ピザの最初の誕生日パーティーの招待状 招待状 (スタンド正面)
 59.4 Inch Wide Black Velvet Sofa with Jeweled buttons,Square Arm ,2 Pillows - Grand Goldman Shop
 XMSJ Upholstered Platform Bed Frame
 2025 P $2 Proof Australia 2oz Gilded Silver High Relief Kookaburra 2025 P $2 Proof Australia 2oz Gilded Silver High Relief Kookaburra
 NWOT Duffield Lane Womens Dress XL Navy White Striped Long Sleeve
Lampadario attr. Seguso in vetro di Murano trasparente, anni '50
——
=== Directions ===
Write every line of the entries again, word for word.

=== Task answer ===
ピザの最初の誕生日パーティーの招待状 招待状 (スタンド正面)
 59.4 Inch Wide Black Velvet Sofa with Jeweled buttons,Square Arm ,2 Pillows - Grand Goldman Shop
 XMSJ Upholstered Platform Bed Frame
 2025 P $2 Proof Australia 2oz Gilded Silver High Relief Kookaburra 2025 P $2 Proof Australia 2oz Gilded Silver High Relief Kookaburra
 NWOT Duffield Lane Womens Dress XL Navy White Striped Long Sleeve
Lampadario attr. Seguso in vetro di Murano trasparente, anni '50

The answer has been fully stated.